Circle and Stripe are developing foundational infrastructure to enable autonomous AI agents to conduct financial transactions independently using stablecoins, primarily USDC. This initiative represents a potential paradigm shift in digital commerce, moving from human-centric payments to machine-to-machine (M2M) settlements.
Circle, the issuer of the USDC stablecoin, has launched Programmable Wallets specifically designed for AI agents. This product allows developers to embed USDC transactions directly into AI code, enabling software to autonomously pay for API calls, compute power, or data. The agents can earn, spend, and settle entirely on-chain without human intervention.

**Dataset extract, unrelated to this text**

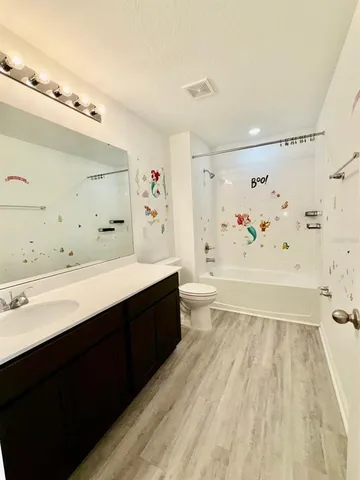 a bathroom with a sink a toilet a shower curtain and a bath tub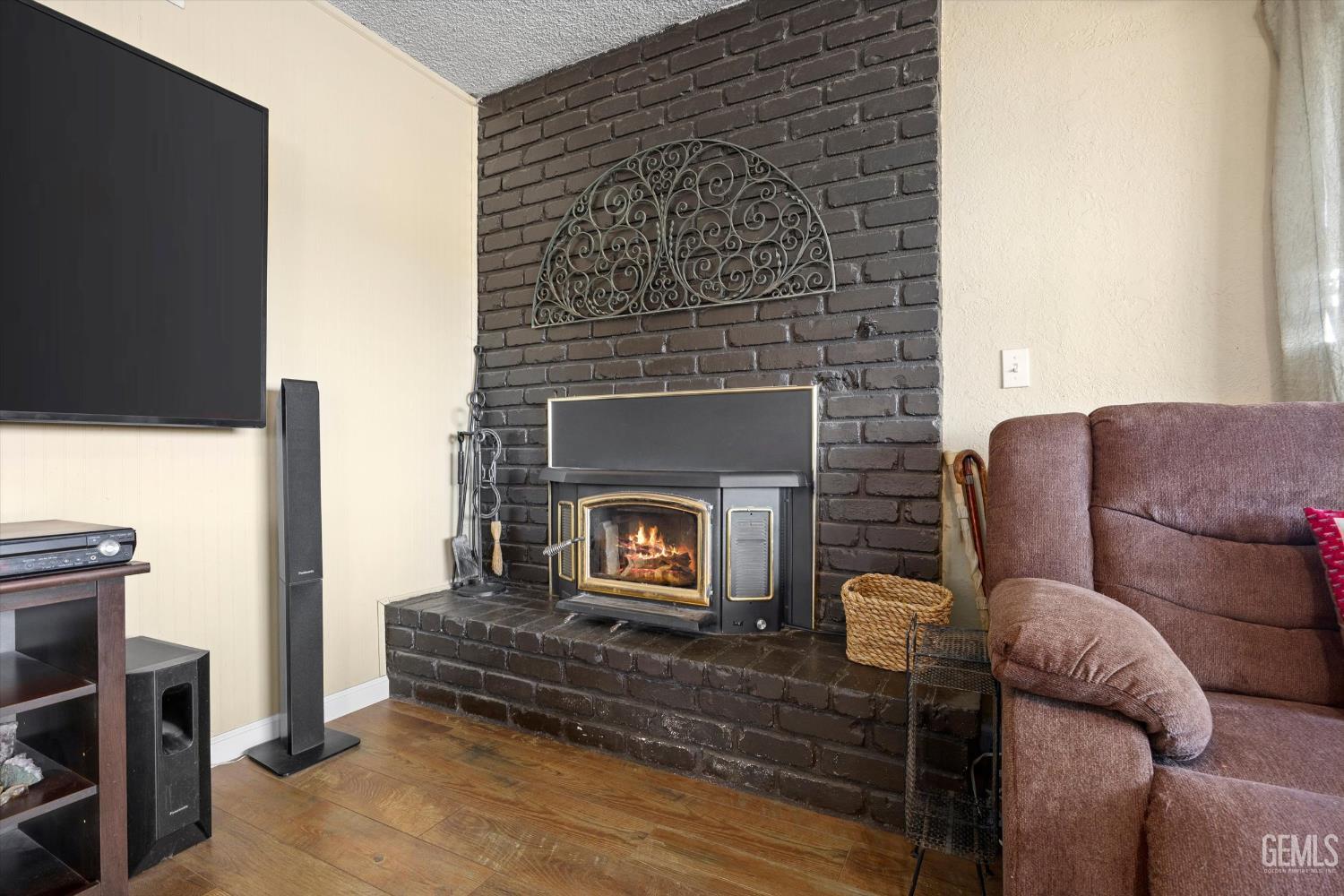 Undisclosed Address Tehachapi, CA 93561 - Photo 7 of 40 a living room with furniture a flat screen tv and a fireplace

Stripe, the global payments giant, is building the distribution layer. After reintroducing crypto payments starting with USDC on Solana, Ethereum, and Polygon, Stripe is integrating this capability to allow AI agents to check out on websites or pay invoices using stablecoins, bypassing traditional credit card networks entirely. Stripe's strategy includes the $1.1 billion acquisition of Bridge for direct control over the stablecoin transaction lifecycle and the development of the Tempo blockchain with Paradigm, purpose-built for high-throughput stablecoin payments.
The structural advantages of stablecoins for AI agents are clear. AI cannot open traditional bank accounts, but a blockchain address serves as both identity and payment account. Furthermore, legacy payment systems like Visa and Mastercard are too expensive for micropayments (e.g., a five-cent API call), while stablecoin transactions on networks like Solana or Base cost fractions of a penny. Smart contracts enable programmable payments, such as holding funds in escrow and releasing them only upon task completion.
Circle CEO Jeremy Allaire predicts stablecoins will become the native currency of M2M commerce, forecasting that by 2026, a significant portion of on-chain volume will be driven by non-human entities. This reframes the interpretation of on-chain metrics, where rising transaction counts may reflect software paying software rather than human economic activity.
The market is currently nascent but projected for explosive growth. Approximately 40,000 on-chain agents are active, generating about $50 million in payment activity—a mere 0.0001% of the $46 trillion in annual stablecoin settlement volume. However, the AI agent market is forecast to grow from $7.6 billion in 2025 to $47.1 billion by 2030, with broader sector estimates reaching $103 billion by 2034.
The shift has not gone unnoticed by incumbent financial networks. Speculation about AI agents routing around traditional card rails recently caused shares of Visa, Mastercard, and American Express to drop roughly 5% in a single session. Significant challenges remain, including technological brittleness—one test agent accidentally moved $450,000 due to a logic error—and underdeveloped regulatory frameworks for liability and consumer protection in autonomous financial transactions.